Ed è proprio a Helsinki, nella capitale della Finlandia, che ieri, in occasione della Giornata Internazionale sulla Libertà di Stampa, è stato conferito il Premio a Khadija Ismayilova, giornalista investigativa dell’Azerbaijan. Condannata a 7 anni e mezzo di carcere per numerosi reati, tra cui evasione fiscale, appropriazione indebita, abuso di potere e attività economica illegale, di fatto la reporter da tempo stava rilevando alcuni affari illeciti della famiglia del presidente Alyev. Come nel caso della Ismayilova, la volontà di difendere l’indipendenza dei media e di rendere omaggio ai giornalisti che mettono a rischio la propria vita nel compimento del lavoro è l’obiettivo della Giornata mondiale, proclamata dall’UNESCO nel 1993. Negli ultimi anni l’attenzione pubblica internazionale è stata posta in particolare sulla necessità di avere un’informazione di qualità. Niente di più vicino alla nostra realtà fatta di social network usati spesso come principali fonti di informazione piuttosto che come strumenti di comunicazione, con un analfabetismo reale nel distinguere e nel promuovere notizie reali da “bufale” e “articoli di propaganda”, o analisi competenti da trattati di improvvisati tuttologi. È questo uno dei rischi connaturati a una gestione dell’informazione diffusa e in mano a dei non professionisti. Un enorme pericolo che sottende la tendenza odierna a identificare la libertà di stampa con la garanzia di accesso agli strumenti di comunicazione; pari attenzione andrebbe invece posta sulla qualità delle notizie veicolate e sulla possibile manipolazione dell’informazione, da sempre un’arma che pare essersi affinata. Dinanzi a questa realtà, si ha dunque l’esigenza che il giornalismo faccia più che mai il suo lavoro certosino di verifica, rielaborazione e diffusione delle informazioni, ben coscio del rischio di scadere in azioni di propaganda a favore tanto della politica quanto di capitali importanti o di interessi di parte.

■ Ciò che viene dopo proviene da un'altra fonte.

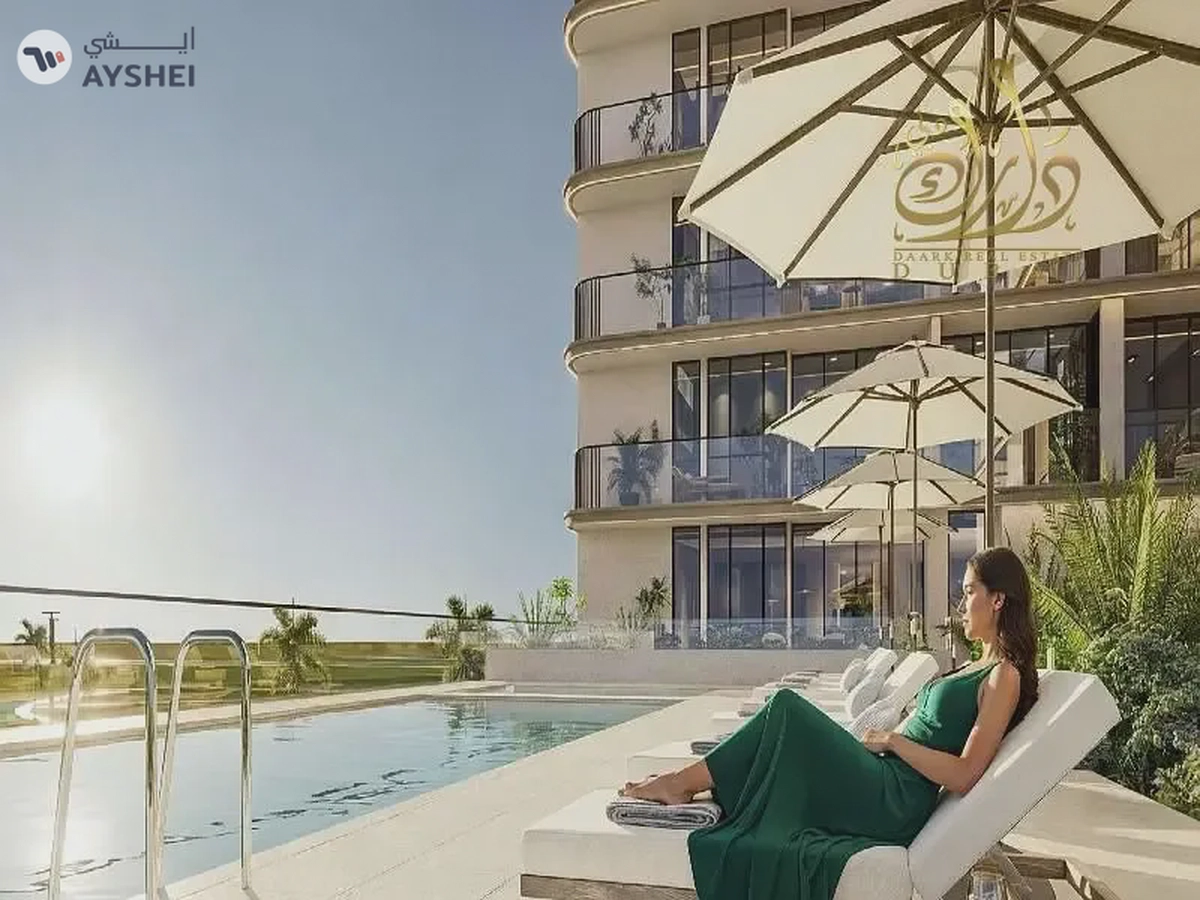 CHEAPEST 1BHK IN THE PROJECT _HIGH FLOOR OPEN VIEW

Sono lontani gli schemi dialettici della guerra fredda, quando il delegato statunitense e quello sovietico rivendicavano per sé la vera essenza di tale libertà, mettendo il primo l’accento sulla garanzie di poter pubblicare contenuti in maniera libera e il secondo sull’effettiva messa a disposizione a tutti i cittadini degli strumenti per farne uso. Il web ha conferito al cittadino globale la possibilità di esercitare la libertà di comunicazione ad ampia diffusione, lo smartphone lo strumento per utilizzare tale libertà, ma ampliando la pagina più controversa della libertà di stampa sull’indipendenza e sulla qualità dei media, sulla distorsione delle informazioni e sulle sue strumentalizzazioni.